> _REQUIRED ACTION_
Copy out the data below as written; omit any images.

-- GIVEN INFORMATION follows --

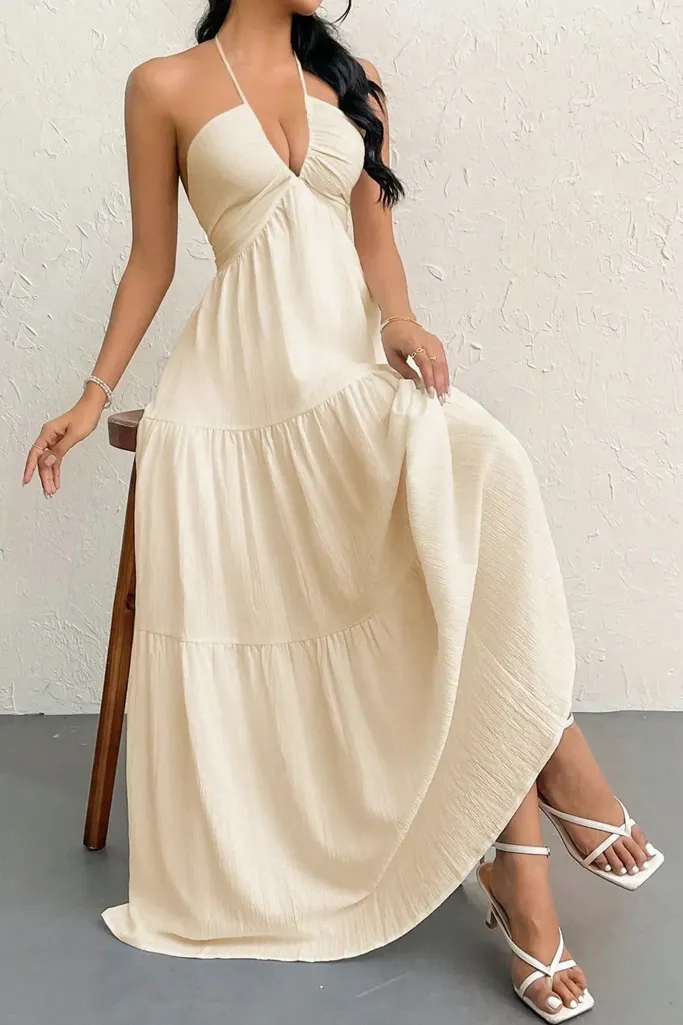 Off White Backless Halter Maxi Dress - Image 1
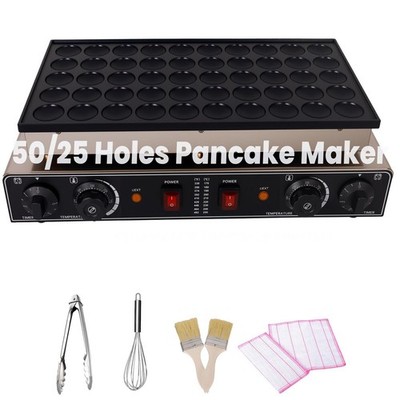 50/25 Holes Commercial Electric Mini Dutch Baker Machine 900w/1800w Waffle Maker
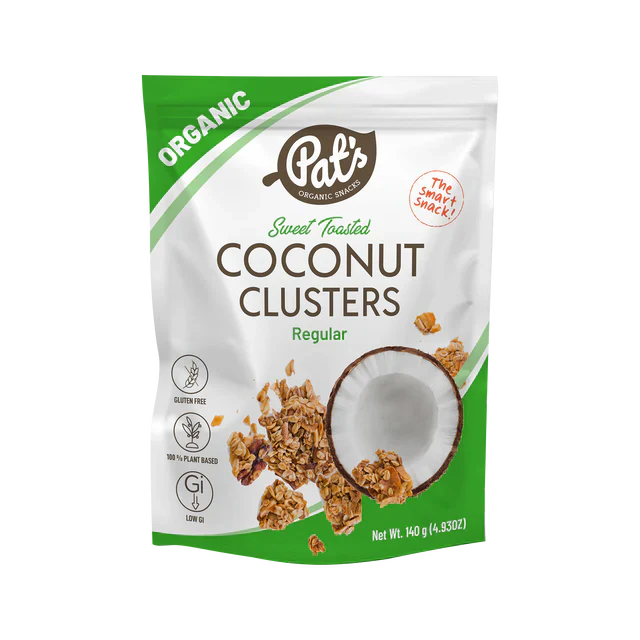 Organic coconut clusters from livelifestore.co.nz, sweet toasted snack in 140g package, with golden toasted coconut pieces.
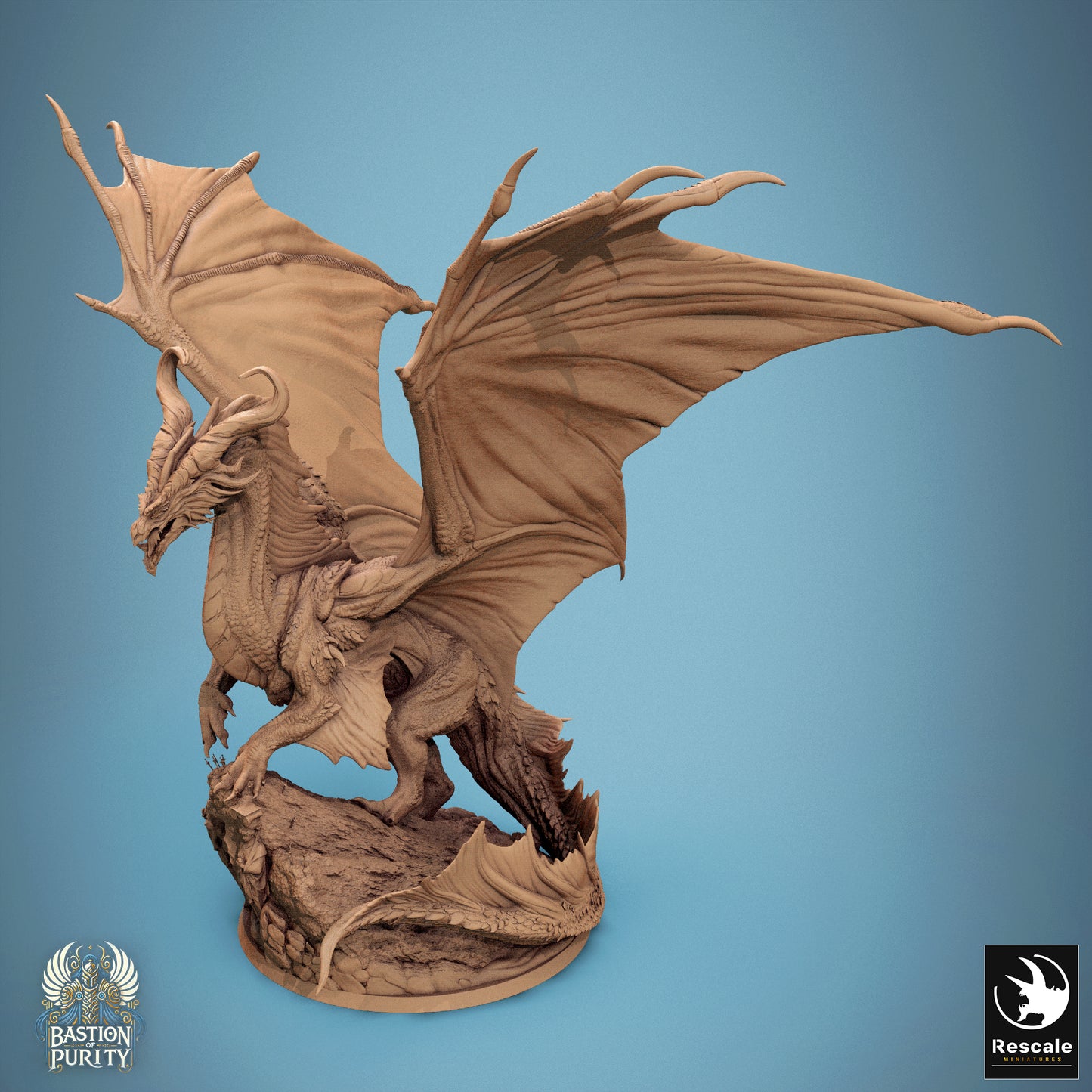 Rescale Miniatures (Lord of the Print) - Bastion of Purity - Bronze Dragon Legendary Stand Door 2024 September Release 35mm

-- GIVEN INFORMATION concluded --

> _REPLY TO THE TASK_
 Off White Backless Halter Maxi Dress - Image 1
 50/25 Holes Commercial Electric Mini Dutch Baker Machine 900w/1800w Waffle Maker
 Organic coconut clusters from livelifestore.co.nz, sweet toasted snack in 140g package, with golden toasted coconut pieces.
 Rescale Miniatures (Lord of the Print) - Bastion of Purity - Bronze Dragon Legendary Stand Door 2024 September Release 35mm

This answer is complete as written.